● **Aim of the exercise**
In the material below, find the line with "初音未来,VOCALOID家族 - 梦の续き" and the line with "image of Coilhose", then output both and every line between them exactly, omitting pictures.

::::

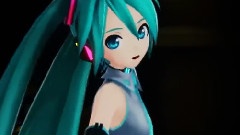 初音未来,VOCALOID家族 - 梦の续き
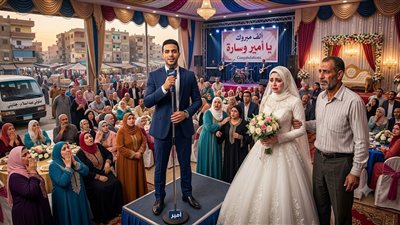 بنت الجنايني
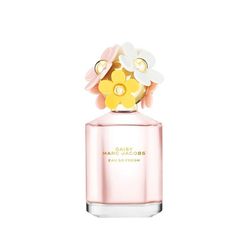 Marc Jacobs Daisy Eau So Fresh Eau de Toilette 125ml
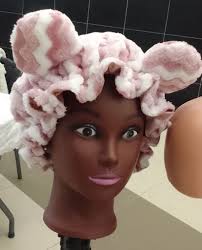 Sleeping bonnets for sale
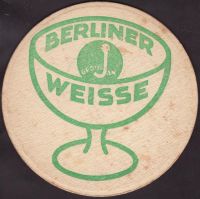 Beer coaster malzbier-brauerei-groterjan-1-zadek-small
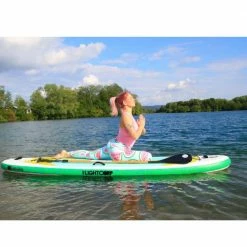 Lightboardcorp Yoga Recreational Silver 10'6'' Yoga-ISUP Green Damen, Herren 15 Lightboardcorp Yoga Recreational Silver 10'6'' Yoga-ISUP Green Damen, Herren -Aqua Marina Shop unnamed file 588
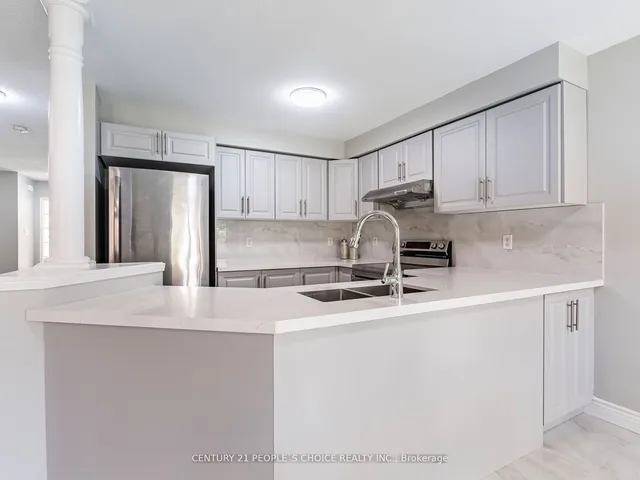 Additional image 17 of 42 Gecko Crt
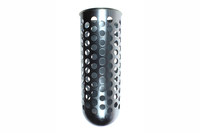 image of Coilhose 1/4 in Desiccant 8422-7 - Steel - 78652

::::

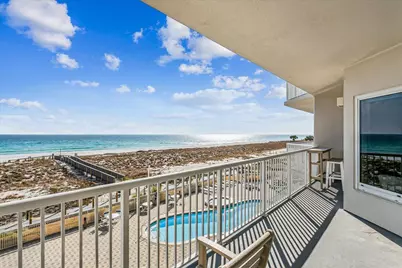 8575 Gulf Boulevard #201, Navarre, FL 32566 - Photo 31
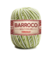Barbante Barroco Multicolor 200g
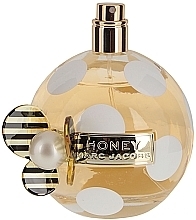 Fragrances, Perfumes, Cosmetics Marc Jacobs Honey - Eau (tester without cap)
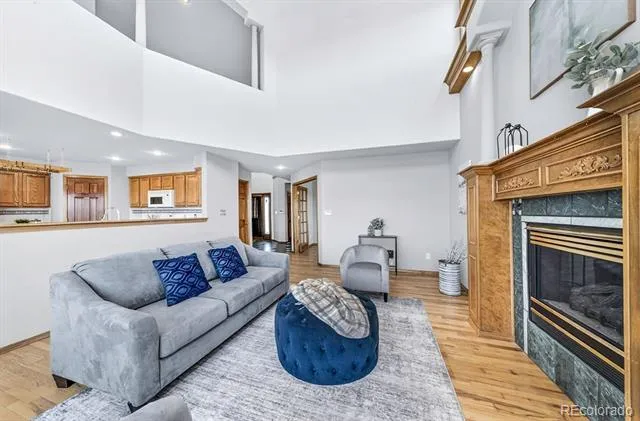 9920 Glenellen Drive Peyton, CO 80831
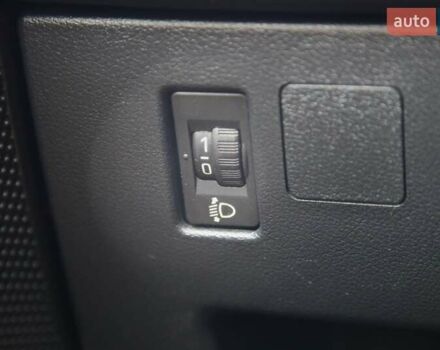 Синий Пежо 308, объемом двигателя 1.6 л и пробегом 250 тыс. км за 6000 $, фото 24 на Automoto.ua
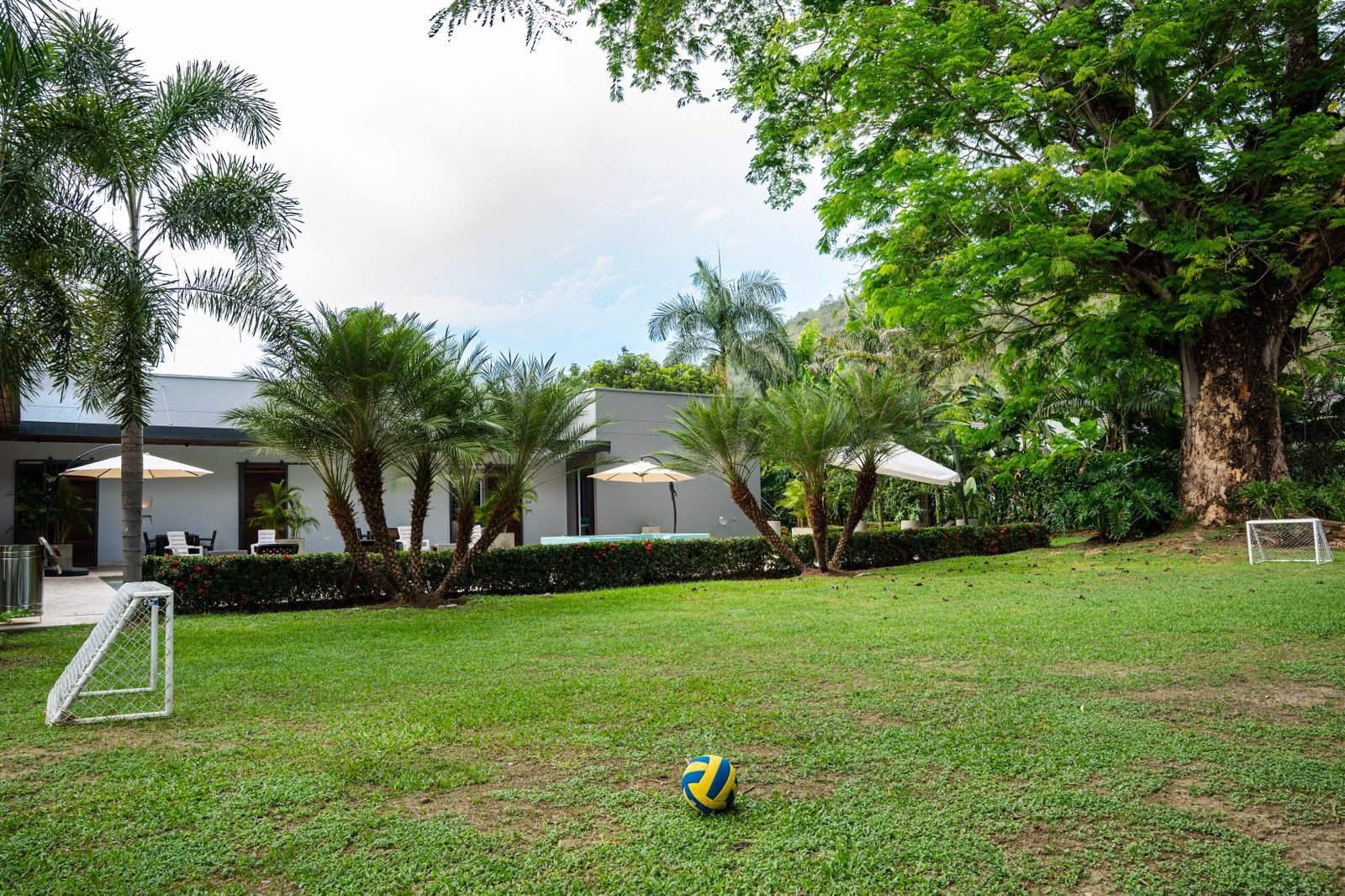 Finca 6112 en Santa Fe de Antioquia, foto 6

::::

● **Output below**
 初音未来,VOCALOID家族 - 梦の续き
 بنت الجنايني
 Marc Jacobs Daisy Eau So Fresh Eau de Toilette 125ml
 Sleeping bonnets for sale
 Beer coaster malzbier-brauerei-groterjan-1-zadek-small
 Lightboardcorp Yoga Recreational Silver 10'6'' Yoga-ISUP Green Damen, Herren 15 Lightboardcorp Yoga Recreational Silver 10'6'' Yoga-ISUP Green Damen, Herren -Aqua Marina Shop unnamed file 588
 Additional image 17 of 42 Gecko Crt
 image of Coilhose 1/4 in Desiccant 8422-7 - Steel - 78652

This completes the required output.